— Supplied material —
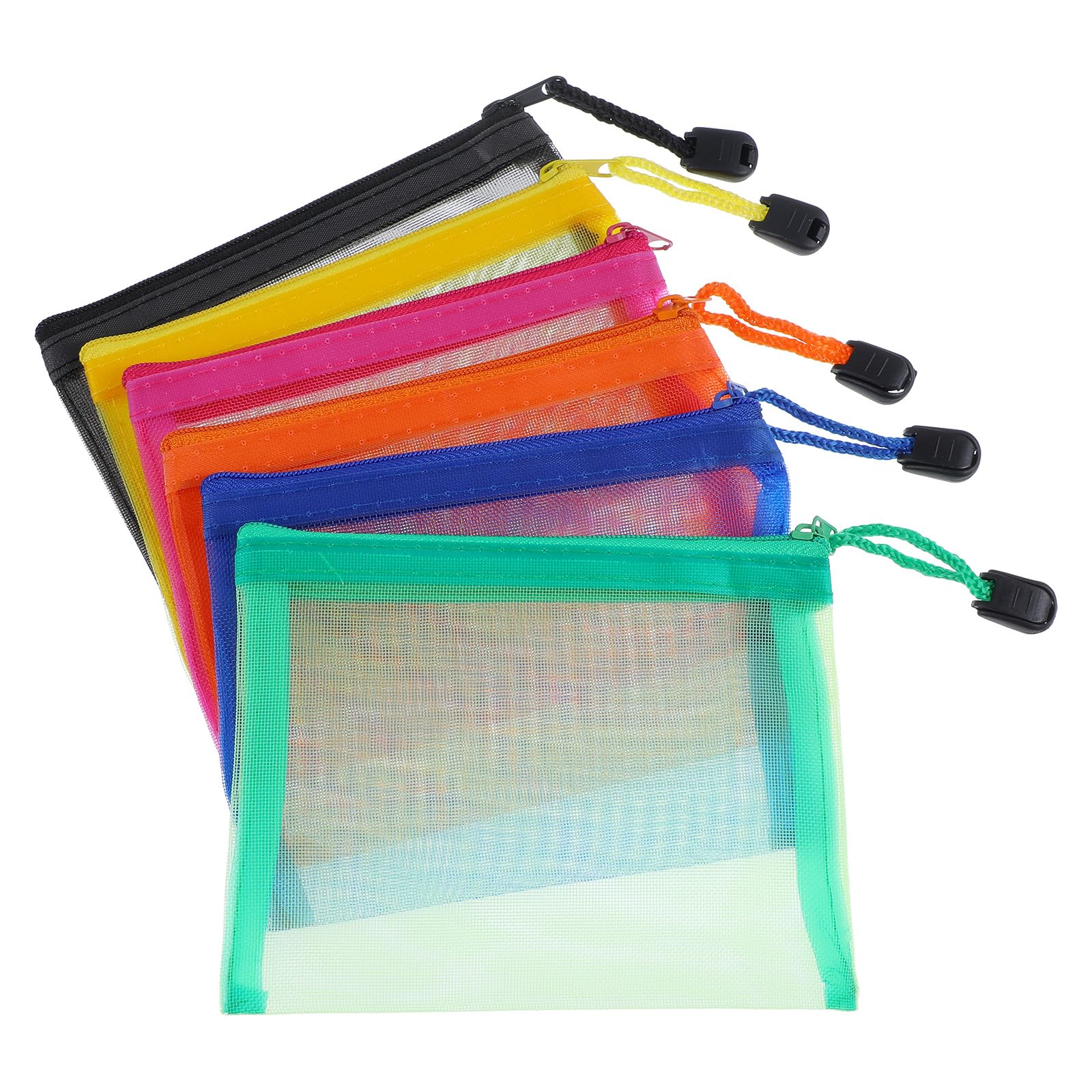 6-Piece Mini Zipper Pouch Set - Nylon Mesh Cosmetic Bags & Travel Organizers for Purse, Makeup, Pencils | Perfect for Daily Organization, Travel Essentials & On-the-Go Storage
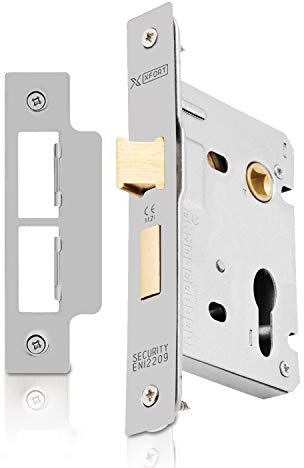 XFORT® Satin Chrome Euro Profile Sashlock 75mm for Internal and External Doors, Door Latch Mechanism With Key Locking Security, CE Approved and Fire Rated Protection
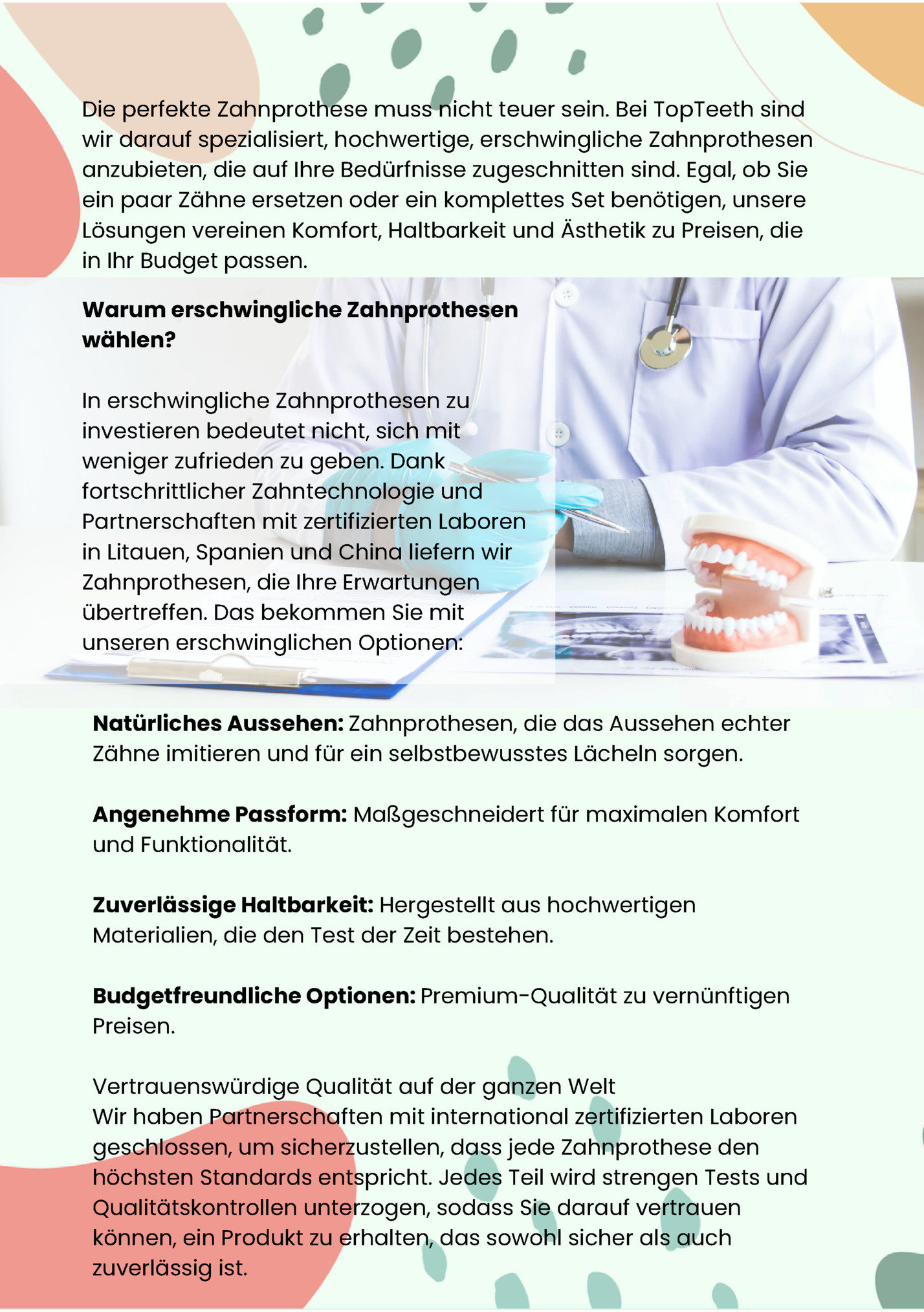 Die perfekte Zahnprothese muss nicht teuer sein. Bei TopTeeth sind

— Exercise —
The answer should match the material exactly, with every picture removed.

— Exercise result —
 6-Piece Mini Zipper Pouch Set - Nylon Mesh Cosmetic Bags & Travel Organizers for Purse, Makeup, Pencils | Perfect for Daily Organization, Travel Essentials & On-the-Go Storage
 XFORT® Satin Chrome Euro Profile Sashlock 75mm for Internal and External Doors, Door Latch Mechanism With Key Locking Security, CE Approved and Fire Rated Protection
 Die perfekte Zahnprothese muss nicht teuer sein. Bei TopTeeth sind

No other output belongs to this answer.